Vous comprenez qu’être image de Dieu, c’est quelque chose que nous avons en nous,
que nous portons, mais qui peut aussi s’effacer, comme une photo ancienne qui petit
à petit blanchit. Si je ne suis pas dans une relation d’amour avec mon prochain, si je
ne m’ouvre pas à l’altérité, si j’exerce une domination par le pouvoir et la violence
plutôt que par le service, alors l’image de Dieu en moi s’estompe, jusqu’à devenir
quasi-invisible.
Frères et sœurs, l’Évangile d’aujourd’hui est dur à entre. Dieu refuse l’entrée dans
son Royaume aux insouciantes, sous prétexte qu’il ne les connaîtrait pas… c’est rude.
Dieu est père. Un père connait ses enfants. Quel père qui a élevé ses enfants dans
l’amour pourrait prétendre ne pas les connaître ? Où donc est la miséricorde de
Dieu ? Ce « je ne vous connais pas » résonne comme une porte qui peut nous être
claquée au nez. Comment comprendre cette parabole ?
Imaginez un père qui est réveillé par un coup de fil de la police. On lui demande de
venir au poste parce que son fils, insouciant, a été arrêté. Disons qu’il a braqué une
grand-mère. Le père se dit… ce n’est pas possible ! Mon enfant, si gentil, qui aime
tellement sa propre grand-mère, celui qui hier encore jouait au foot avec son petit
frère n’a pas pu faire ça… il y a forcément une erreur. Il arrive au poste et voit qu’il
s’agit bien de son fils. Le père ne pourra-t-il pas dire à son fils : « je ne te reconnais
pas » ? Comment tout ce que je t’ai donné a-t-il pu disparaître au point que tu sois
capable d’un tel acte ? Avec le temps, ce qu’il y avait d’image du père dans le fils
s’est estompé.
Le père ne reconnait plus le fils, parce qu’il n’y voit plus sa propre image. Il reconnait
son fils, bien sûr, mais ce fils a perdu l’odeur du père. Il n’est plus de la même
colonie.
Frères et sœurs, cette parabole nous apprend quelque chose sur la manière dont Dieu
nous connaît. Dieu ne nous connaît pas comme nous connaissons des participants
d’une télé-réalité, à nous scruter dans nos moindres faits et gestes. Dieu ne nous
regarde pas avec des caméras de vidéosurveillance.

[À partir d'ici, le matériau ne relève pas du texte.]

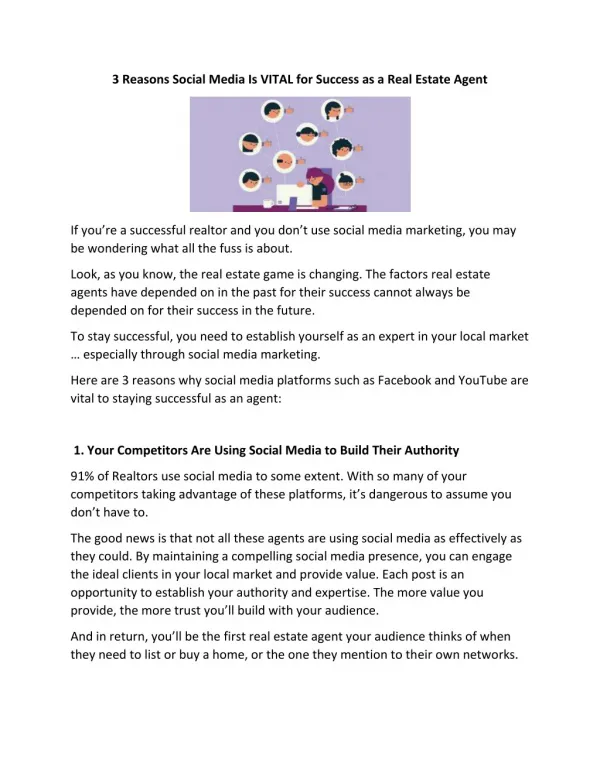 3 Reasons Social Media Is VITAL for Success as a Real Estate Agent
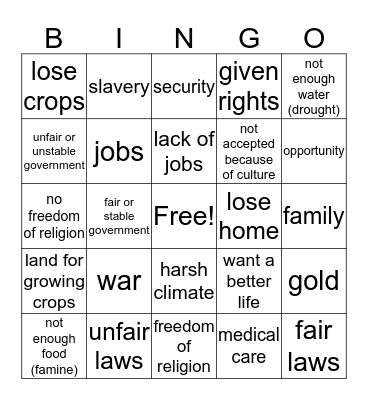 Immigration Bingo Card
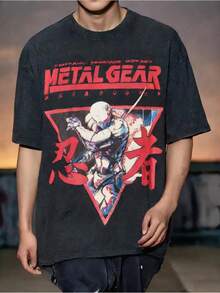 Men Shirts Metal Gear Solid Snakes Games Merchandise, 6 Sizes, Men'S Women'S Streetwear Hip Hop T-Shirt, Washed, Crew Neck, Short Sleeve, Regular Fit, Cotton, Summer MGS1, Casual, All-Season, Weekend Men Clothes - 黑色 - 查看 2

Dieu nous connaît et nous reconnaît par son identité qu’il a mise en nous. Si, quand
nous le verrons face à face, il ne trouve en nous aucune trace de sa propre image, si
nous ne sentons pas le divin, comme pourrait-il nous reconnaître comme ses
créatures ?
Alors l’entrée du Royaume de Dieu ne sera pas pour nous. Nous en aurons perdu la
citoyenneté, comme les insouciantes ont perdu toute leur huile. Cette huile n’est pas
quelque chose qui se refile de la main à la main, comme elles semblent le croire en
demandant de l’huile aux prévoyantes.
L’image de Dieu, on ne l’achète pas : chacun la reçoit de Dieu comme un don qui lui
est fait personnellement, puis chacun en vit selon ce qu’il est, chacun la cultive, par
une vie de relation, de foi, d’espérance et de charité.
Alors, quand l’époux arrivera, nous le reconnaîtrons, parce que nous serons
semblables à lui, unis par la même odeur divine, l’odeur de la sainteté.